I did have the occasional swig of water from my bottle. I never thought about road contaminants getting on there until now.

I would say I have a good core strength and think I'm at a good fitness level. I have tried to keep to a good fitness level as I'm an a surfer of 20 years and good fitness is paramount when out in the ocean. My job keeps me active as I walk for a living. I think I'll skip the shakes on days where I ride and will go steadier on the bike from now on until my body gets used to being on it. I'm hoping the back ache is due to my body not being used to being in that position for lengthy periods. I must say though, I don't know why I left it so long to get a bike again, cycling is great


----------



## bikingdad90 (2 Feb 2016)

Are you wearing bib shorts/tights. I find that if I wear normal shorts or trousers my jersey rides up and I get a cold back and feel stiff and achey afterwards but if I have bibs on I am totally fine.


----------



## Skippy (2 Feb 2016)

I've been wearing normal tights and my jersey does tend to ride up. Maybe this time of year I would be better off with bib tights. On a side note, it feels odd talking about the tights I wear as a man haha


----------



## screenman (2 Feb 2016)

I watched a film once where a bloke was pregnant, have you been tested?


----------



## ColinJ (2 Feb 2016)

screenman said:


> I watched a film once where a bloke was pregnant, have you been tested?


I had a blood test once and when the doctor came back with the results he asked me if I were pregnant!


----------



## Skippy (2 Feb 2016)

100% sure I'm not up the duff! To be fair though I haven't taken a pregnancy test, so who knows lmao


----------



## ayceejay (2 Feb 2016)

This walking job is not post is it?


----------



## Skippy (2 Feb 2016)

ayceejay said:


> This walking job is not post is it?



It is indeed.


----------



## Milkfloat (2 Feb 2016)

Skippy said:


> It is indeed.



Could that be the bad back then? Symptoms you only find out about on the bike.


----------



## ayceejay (2 Feb 2016)

Bingo.


----------



## Tim Hall (2 Feb 2016)

Ditch the protein shake and go for a hop flavoured lightly carbonated rehydration fluid. These are widely available and are generally sold in pints. Two varieties exist; yellow and brown.


----------



## old bloke on a bike (3 Feb 2016)

Brilliant and helpful feedback from all, nice to know that serious cyclists dont belittle newbys and returners!! as a recent returnee im having trouble as well with recovery after climbing and knee problems (actual knee trouble not bike fit) the best advice i was given was to slow down and take my time to recover a lot of lost fitness not all cycling is a race !! im now enjoying going out more every time and starting to accept that i may never be as fit as i once was so just cycle to my level !! and just a note there was a nasty virus going round which when i went to the docs i got anti biotics for! might be worth a visit !


----------



## Skippy (3 Feb 2016)

Milkfloat said:


> Could that be the bad back then? Symptoms you only find out about on the bike.

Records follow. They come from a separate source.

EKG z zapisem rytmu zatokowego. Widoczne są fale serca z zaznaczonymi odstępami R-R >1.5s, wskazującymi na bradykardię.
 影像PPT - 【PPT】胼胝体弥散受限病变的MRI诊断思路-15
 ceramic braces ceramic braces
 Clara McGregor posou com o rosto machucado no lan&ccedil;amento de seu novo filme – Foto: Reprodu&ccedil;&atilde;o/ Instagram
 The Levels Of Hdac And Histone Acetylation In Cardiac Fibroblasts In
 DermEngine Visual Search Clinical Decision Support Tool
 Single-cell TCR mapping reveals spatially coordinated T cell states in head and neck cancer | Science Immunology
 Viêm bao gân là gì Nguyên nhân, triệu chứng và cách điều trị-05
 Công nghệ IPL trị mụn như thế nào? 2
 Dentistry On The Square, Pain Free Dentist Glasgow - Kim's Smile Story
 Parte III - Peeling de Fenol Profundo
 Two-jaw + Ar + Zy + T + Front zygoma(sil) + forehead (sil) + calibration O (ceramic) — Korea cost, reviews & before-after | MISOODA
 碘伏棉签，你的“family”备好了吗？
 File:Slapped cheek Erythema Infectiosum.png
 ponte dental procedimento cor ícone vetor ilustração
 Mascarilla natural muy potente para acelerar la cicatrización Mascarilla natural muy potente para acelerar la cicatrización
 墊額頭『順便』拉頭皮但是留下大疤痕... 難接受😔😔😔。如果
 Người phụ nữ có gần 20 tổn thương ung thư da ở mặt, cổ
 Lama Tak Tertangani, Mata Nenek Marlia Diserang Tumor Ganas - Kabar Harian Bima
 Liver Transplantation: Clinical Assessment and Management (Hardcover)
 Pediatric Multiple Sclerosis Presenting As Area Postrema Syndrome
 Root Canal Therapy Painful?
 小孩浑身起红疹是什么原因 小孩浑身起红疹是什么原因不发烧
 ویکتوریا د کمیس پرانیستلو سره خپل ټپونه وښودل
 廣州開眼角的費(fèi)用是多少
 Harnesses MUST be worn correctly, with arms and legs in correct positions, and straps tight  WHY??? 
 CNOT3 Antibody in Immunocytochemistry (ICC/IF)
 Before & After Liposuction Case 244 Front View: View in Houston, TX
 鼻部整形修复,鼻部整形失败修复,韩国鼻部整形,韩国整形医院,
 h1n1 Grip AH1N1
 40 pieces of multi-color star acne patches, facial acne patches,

Never thought of that, you could be onto a winner there. I had some physio a few years ago and was told my torso is slightly twisted and more muscular on the left. He reckoned it was because of my job.



Tim Hall said:


> Ditch the protein shake and go for a hop flavoured lightly carbonated rehydration fluid. These are widely available and are generally sold in pints. Two varieties exist; yellow and brown.



Thanks for the advice, I'll give them a try.


----------



## Rohloff_Brompton_Rider (3 Feb 2016)

ColinJ said:


> I had a blood test once and when the doctor came back with the results he asked me if I were pregnant!


It wasn't your blood results that made him ask.....it was your bloody 50" waist...


----------



## vickster (3 Feb 2016)

old bloke on a bike said:


> Brilliant and helpful feedback from all, nice to know that serious cyclists dont belittle newbys and returners!! as a recent returnee im having trouble as well with recovery after climbing and knee problems (actual knee trouble not bike fit) the best advice i was given was to slow down and take my time to recover a lot of lost fitness not all cycling is a race !! im now enjoying going out more every time and starting to accept that i may never be as fit as i once was so just cycle to my level !! and just a note there was a nasty virus going round which when i went to the docs i got anti biotics for! might be worth a visit !


Bit of a crap doctor to give antibiotics for a virus, unless you had a secondary bacterial infection of course


----------



## vickster (3 Feb 2016)

Skippy said:


> Thanks for the advice, I'll give them a try.


Or have a glass of milk and a glass of water. I'm not sure many amateur cyclists would need specific rehydration fluids after a 22 mile winter cycle, ale probably has other benefits however


----------



## ColinJ (3 Feb 2016)

just_fixed said:


> It wasn't your blood results that made him ask.....it was your bloody 50" waist...


By then I had already lost my former aero belly and once again had the shape of a dedicated cyclist. Unfortunately, I also had lungs like someone suffering from serious alititude sickness ...

It was the doctor's little joke. He was treating me to medical gallows humour, but I spoiled it by beating him to the punchline which was that pregnancy can screw up the d-dimer test and falsely suggest that the patient had life-threatening blood clots. Ha bloody ha - it's the way they tell 'em that makes them funny!


----------



## ayceejay (3 Feb 2016)

_Never thought of that, you could be onto a winner there. I had some physio a few years ago and was told my torso is slightly twisted and more muscular on the left. He reckoned it was because of my job._

Did you ever do anything to correct that Skippy?


----------



## Skippy (4 Feb 2016)

ayceejay said:


> _Never thought of that, you could be onto a winner there. I had some physio a few years ago and was told my torso is slightly twisted and more muscular on the left. He reckoned it was because of my job._
> 
> Did you ever do anything to correct that Skippy?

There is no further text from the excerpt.